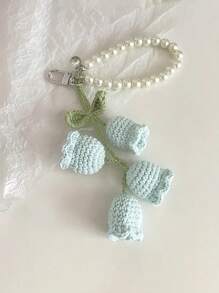 1pc Handmade Crochet Lily Of The Valley Keychain With Pearl Chain, Boho Style Bag Charm, Decorative Pendant For Backpacks Or Bags, Unique Birthday Gift Or Party Favor, 22cm (8.66 Inches) Length, Floral Design In Pastel Colors, Crochet Flowers - Multicolor - View 11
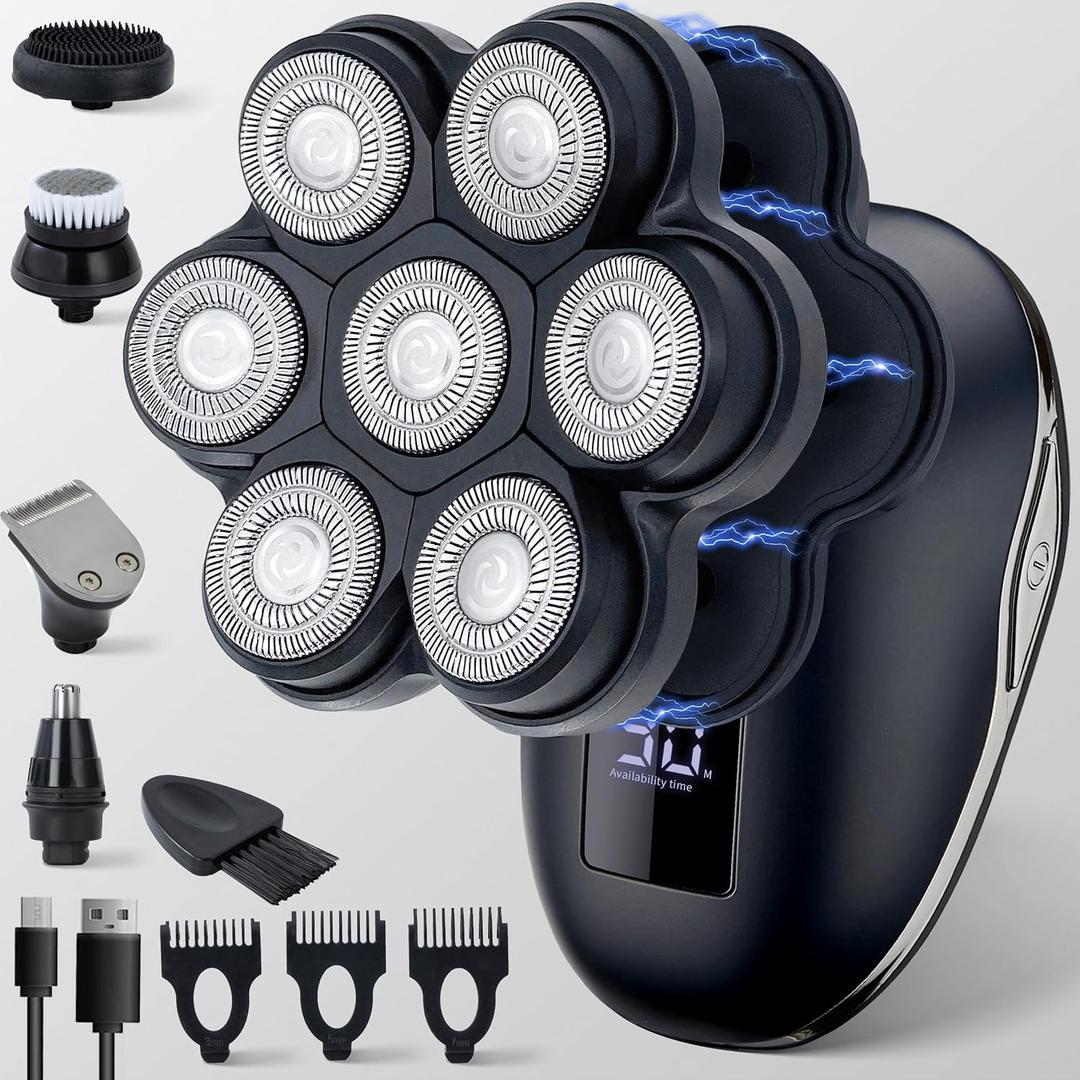 2026 New Upgrade Magnetic Head Shavers for Bald Men, Electric Razor for Men, Mens Shaving with Nose Hair Sideburns Trimmer, LED,Travle Lock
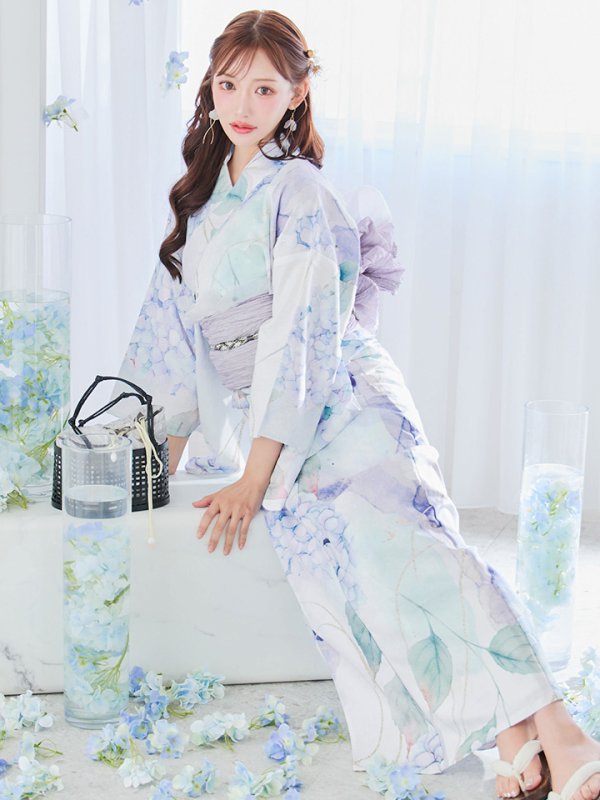 画像2: シャーベット水彩紫陽花浴衣 OBI-g-500-kj-8-GY / HIMO-900-yn-3-GYxGD / HEKO-800-sb-5-W / YA-1016-kj-CL / GETA-01-kj-3-IV/ [YMT] (2)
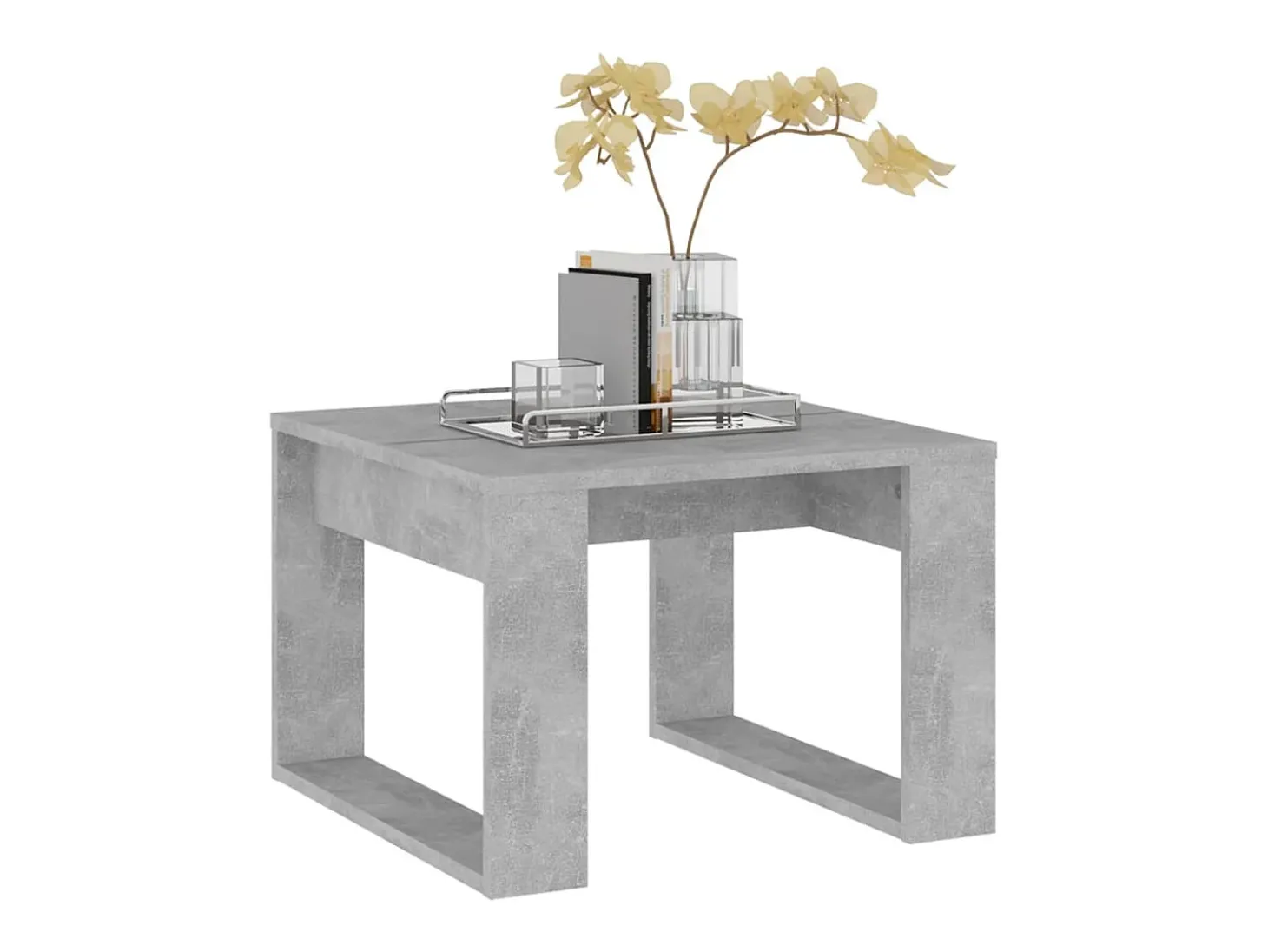 Mesa de apoio 50x50x35 cm derivados de madeira cinzento cimento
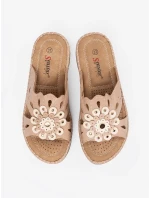 Stylové růžové dámské  nazouváky na plochém podpatku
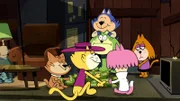 v.li.: Fancy-Fancy, Top Cat, Spooky, Benny the Ball, Choo-Choo, Brain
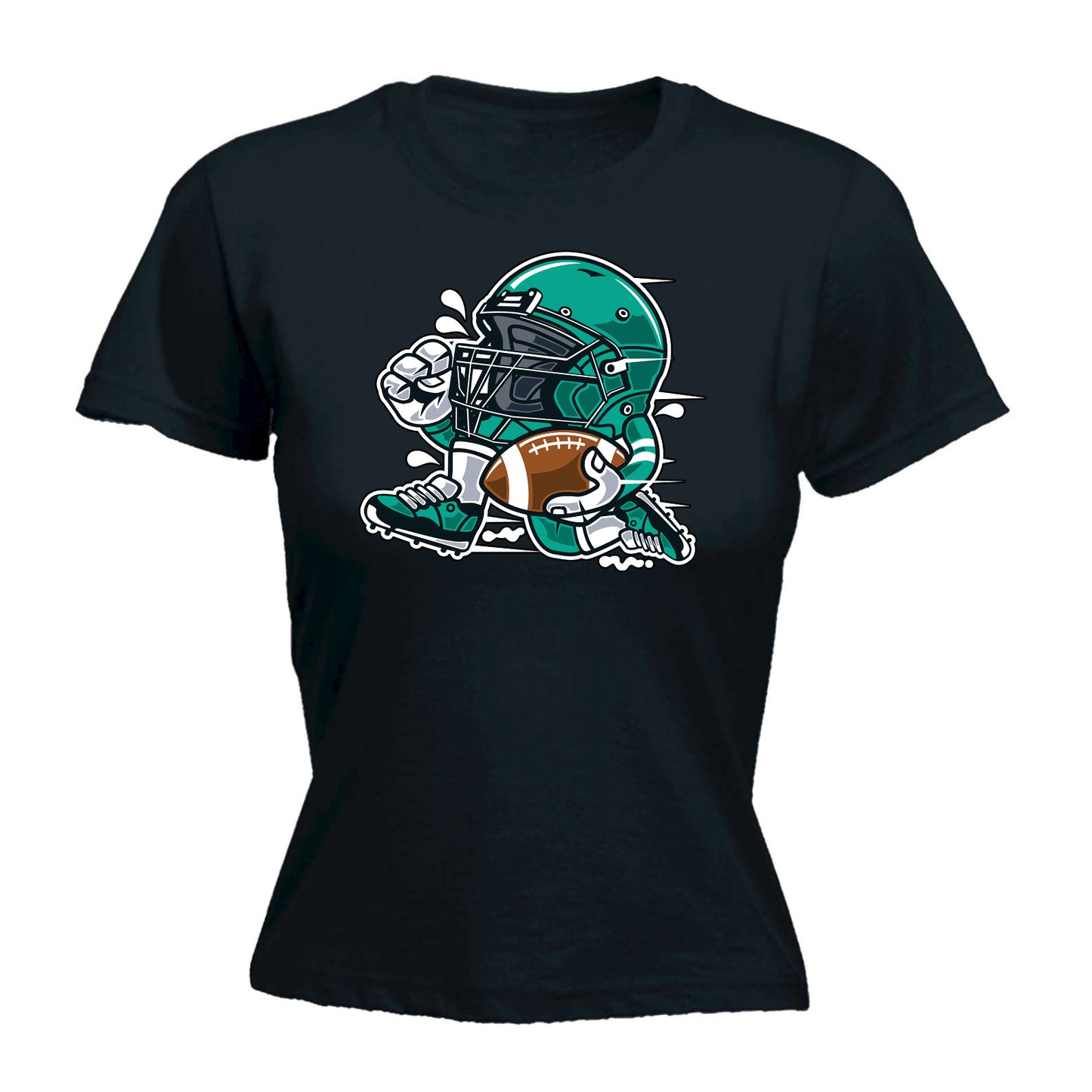 Gridiron Football Player American Cartoon - Funny Womens T-Shirt Tshirt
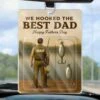 From Our Hooks To Your Heart - Family Personalized Custom Car Ornament - Acrylic Custom Shaped - Father's Day, Gift For Dad, Grandpa, Fishing Lovers, Fishermen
──────────────────────────────
**WHAT TO PRODUCE**
Using the records above, repeat exactly the run of lines that starts with the line with "Mesa de apoio" and goes on through the line with "v.li.: Fancy-Fancy, Top"; omit each picture.

**FINAL ANSWER**
 Mesa de apoio 50x50x35 cm derivados de madeira cinzento cimento
 Stylové růžové dámské  nazouváky na plochém podpatku
 v.li.: Fancy-Fancy, Top Cat, Spooky, Benny the Ball, Choo-Choo, Brain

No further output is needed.